→ The problem
Omit all pictures, and print word for word only the lines from the one containing "Дві пожежі за" through the end of the data.

━━━ Recorded data ━━━

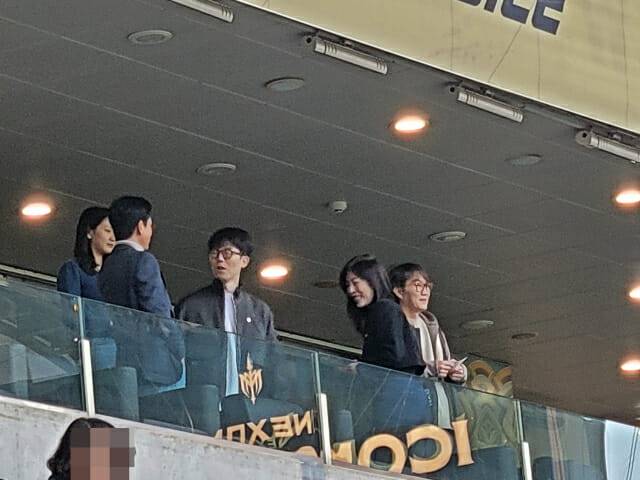 (오른쪽)이정헌 대표는 20일 아이콘매치가 열리는 서울월드컵경기장을 방문했다.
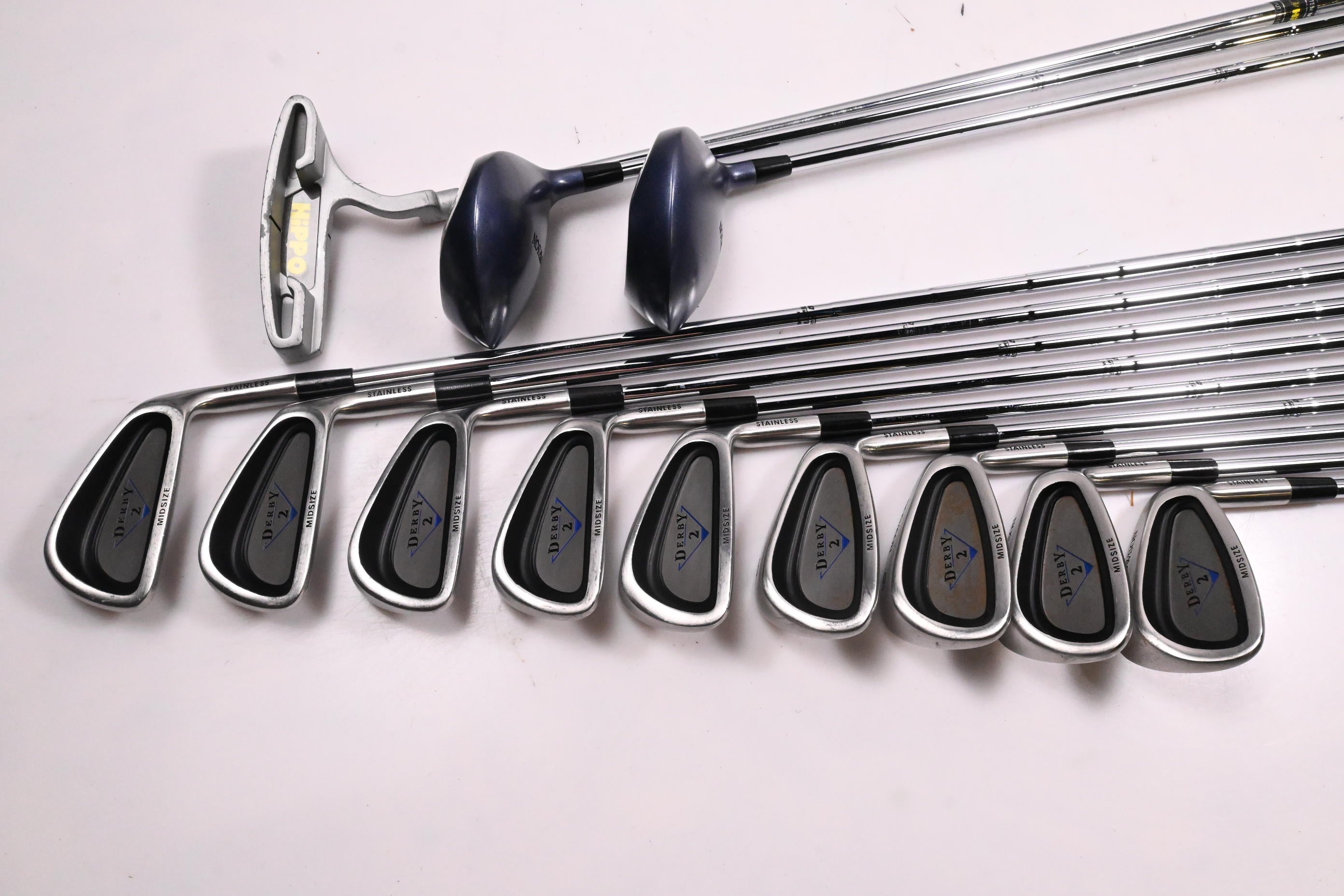 Howsen Derby 2 Package Set / Woods, Irons, Putter, Bag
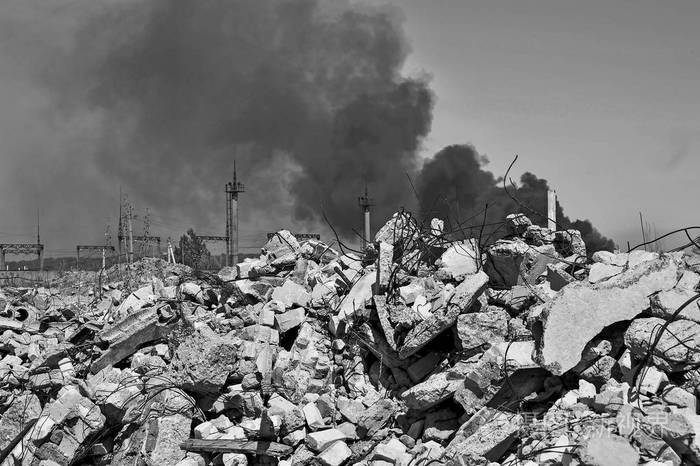 天空中浓浓黑烟的背景下 一堆钢筋突出的混凝土瓦砾 背景 黑白图像照片 正版商用图片2hc2pk 摄图新视界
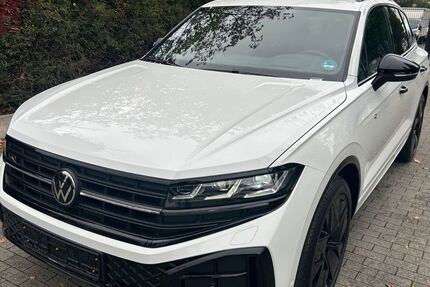 VW Touareg 11.000 km 69.999 € Berlin 13581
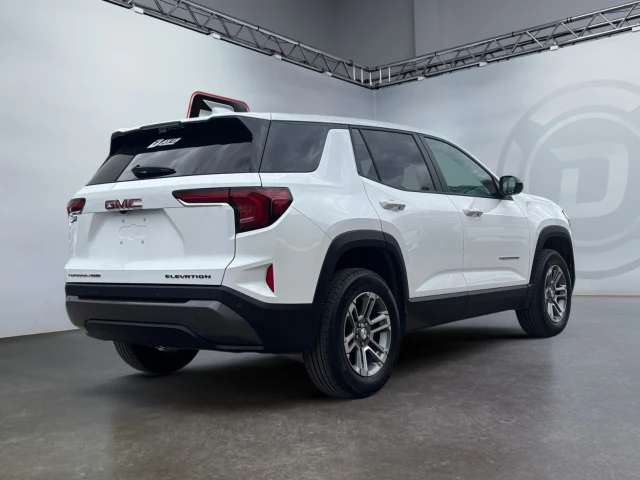 2026 GMC Terrain AWD Elevation AWD Elevation, bílá, 41 447 km, dovoz Kanada — foto 5 z 5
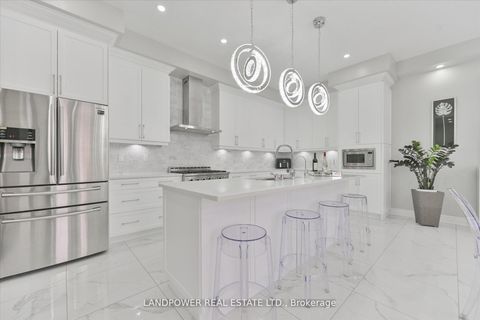 Photo 16 at 20 Tesla Crescent, Holland Landing, East Gwillimbury
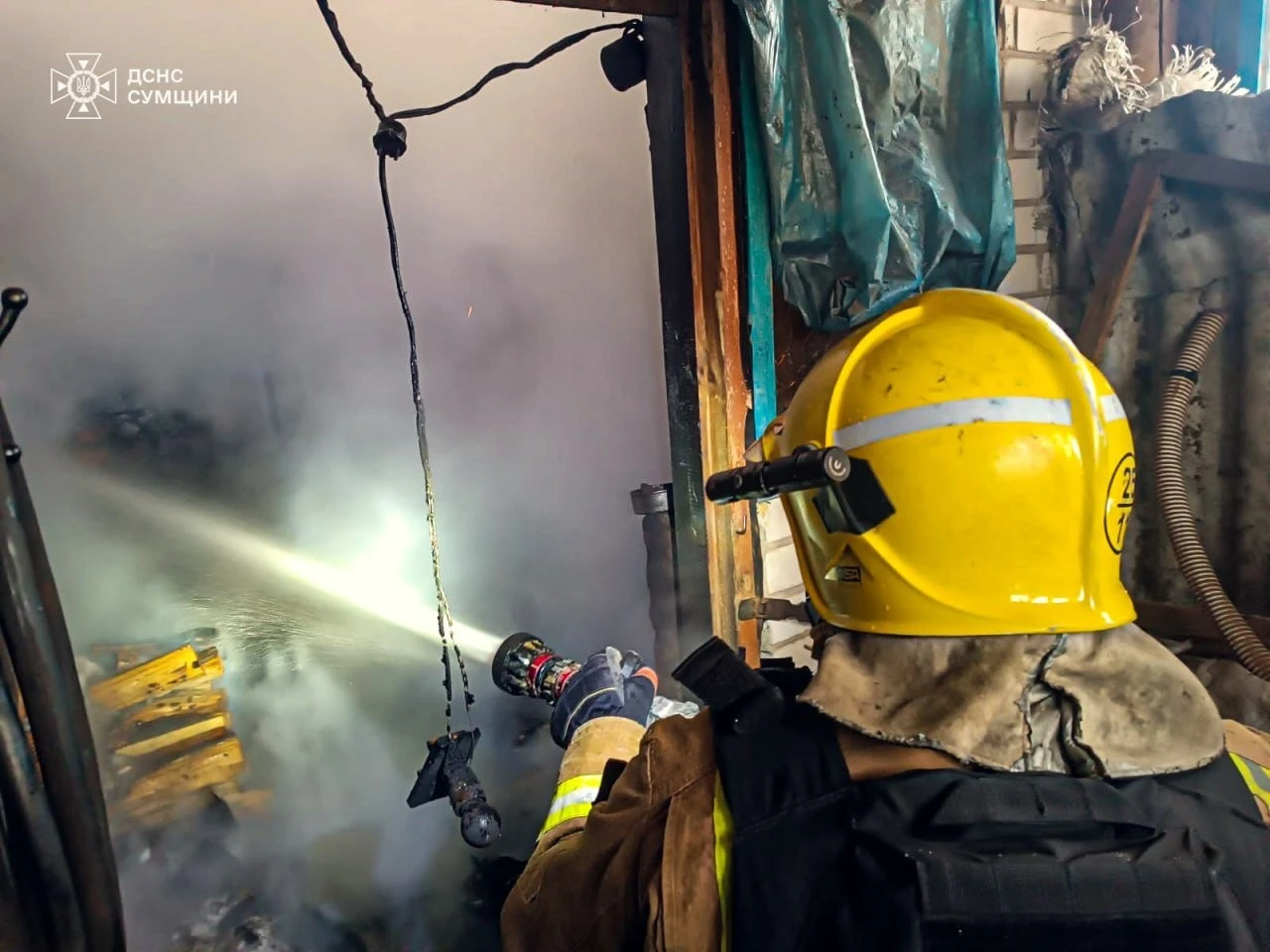 Дві пожежі за ніч: рятувальники Сумщини ліквідували загрозу для людей і майна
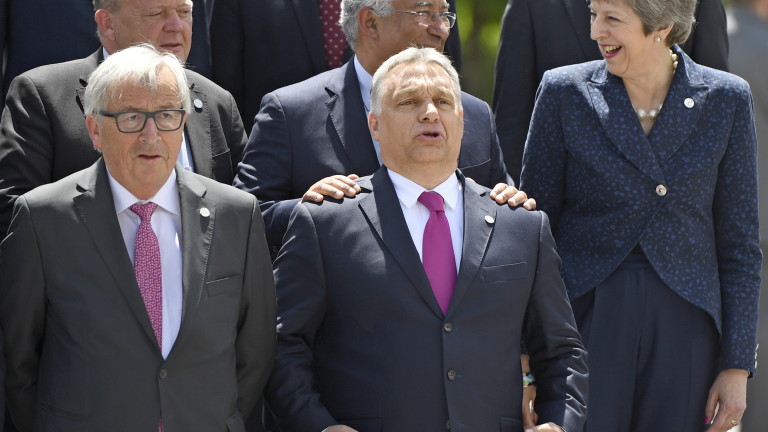 Юнкер смекчава тона към Орбан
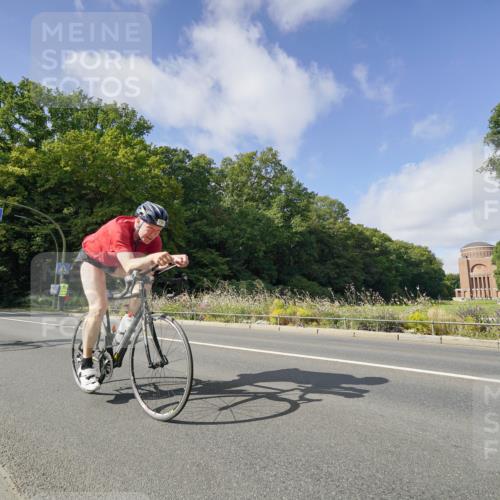 14.09.2025 - Stadtparktriathlon Michael Burmester http://msf.ph/oto/8892494 14.09.2025 11:11:42 Radfahren 740, 792, 911, 914 meine-sportfotos.de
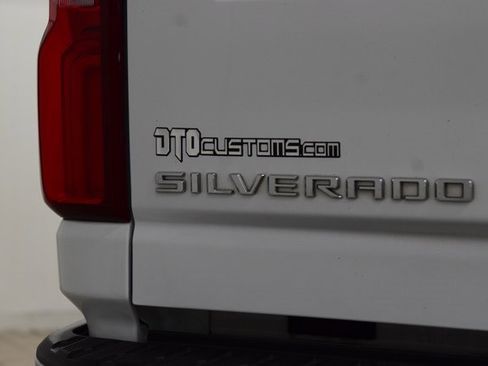 Used 2025 Chevrolet Silverado 3500 LT w/ All Star Edition image 21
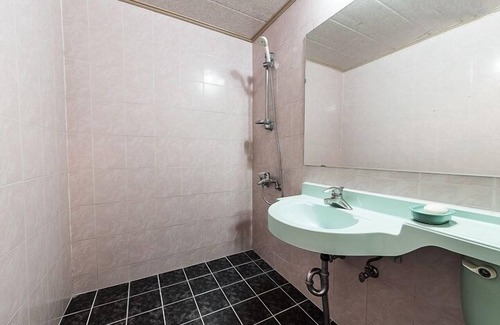 Sokcho Hotel | Carlsbed Motel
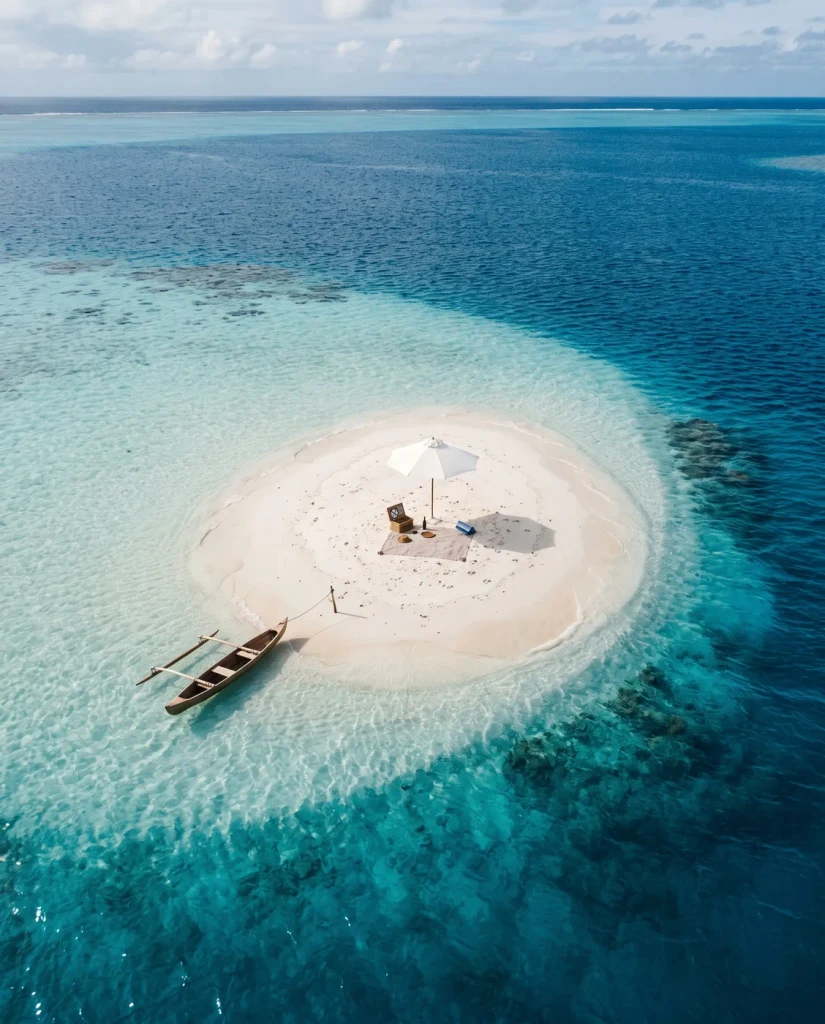 Sandbank picnic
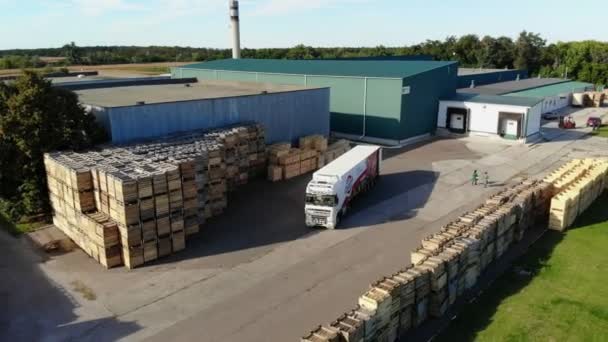 RÉGION DE CHERKASY, UKRAINE, 17 SEPTEMBRE 2018 : grande entreprise, usine. nombreux entrepôts et bâtiments industriels, grands camions quitte l'entrepôt, après le chargement, transporte des produits et des marchandises . — Video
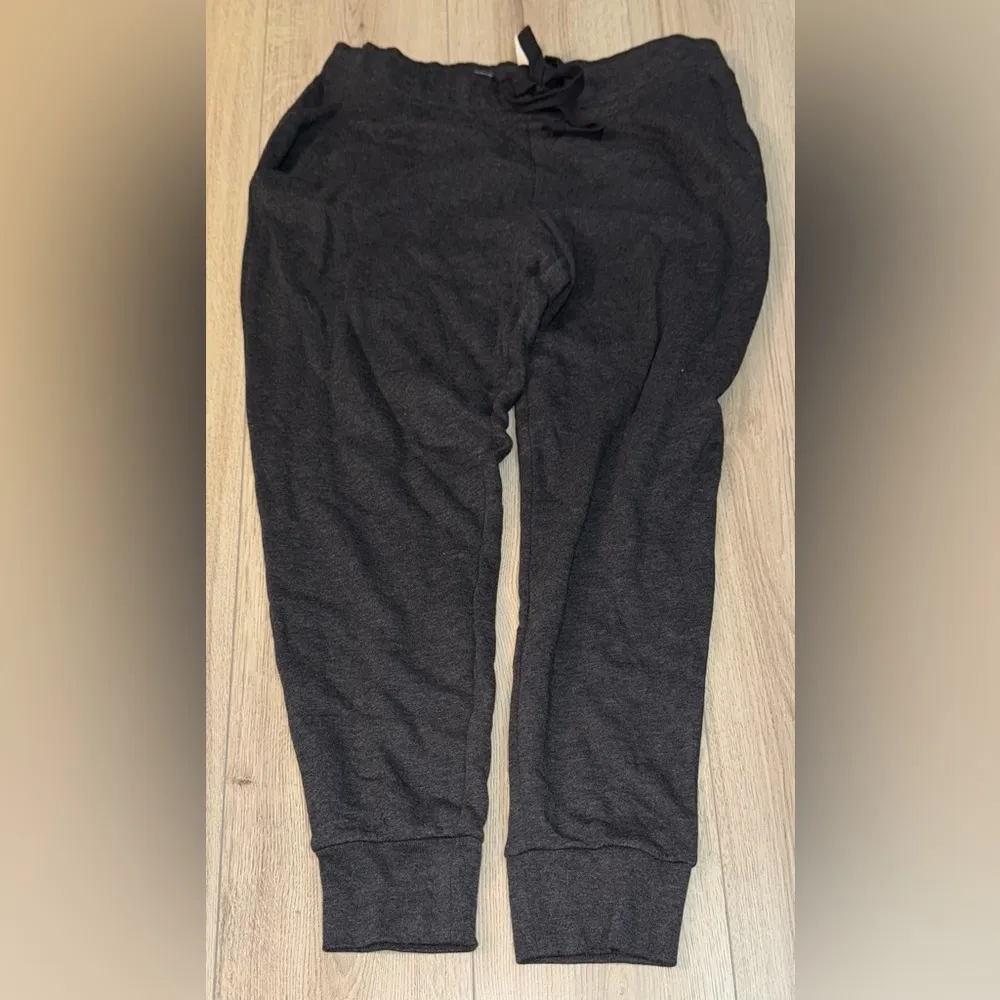 Victoria’s Secret pink bling sparkle sparkly jogger sweatpants crew sweatshirt - Image 3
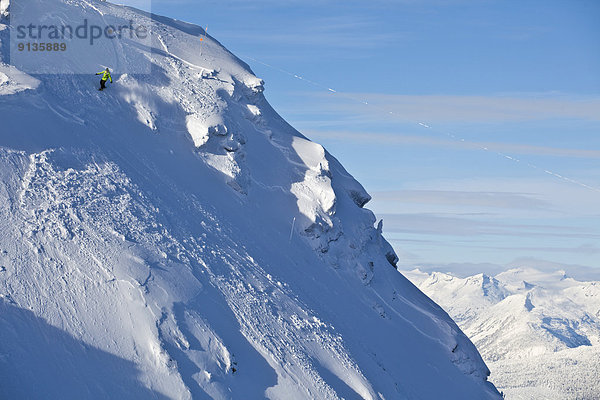 Berg  Snowboardfahrer  fahren  Urlaub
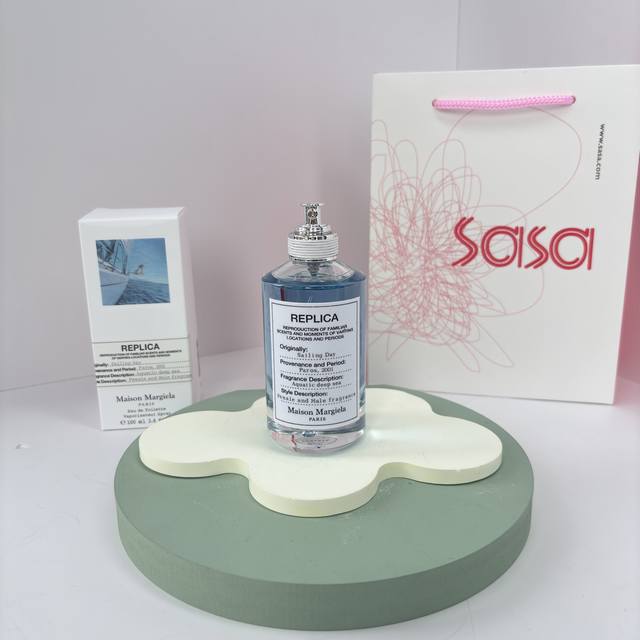 原单品质 DDD 梅森马吉拉 航行物语 DDD 这是一个水生木质调 DDD 前调：海水 醛 杜松 DDD 中调：芫荽 鸢尾花 玫瑰 DDD 后调：海藻 龙涎香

━━━

→ Answer area
 Дві пожежі за ніч: рятувальники Сумщини ліквідували загрозу для людей і майна
 Юнкер смекчава тона към Орбан
 14.09.2025 - Stadtparktriathlon Michael Burmester http://msf.ph/oto/8892494 14.09.2025 11:11:42 Radfahren 740, 792, 911, 914 meine-sportfotos.de
 Used 2025 Chevrolet Silverado 3500 LT w/ All Star Edition image 21
 Sokcho Hotel | Carlsbed Motel
 Sandbank picnic
 RÉGION DE CHERKASY, UKRAINE, 17 SEPTEMBRE 2018 : grande entreprise, usine. nombreux entrepôts et bâtiments industriels, grands camions quitte l'entrepôt, après le chargement, transporte des produits et des marchandises . — Video
 Victoria’s Secret pink bling sparkle sparkly jogger sweatpants crew sweatshirt - Image 3
 Berg  Snowboardfahrer  fahren  Urlaub
 原单品质 DDD 梅森马吉拉 航行物语 DDD 这是一个水生木质调 DDD 前调：海水 醛 杜松 DDD 中调：芫荽 鸢尾花 玫瑰 DDD 后调：海藻 龙涎香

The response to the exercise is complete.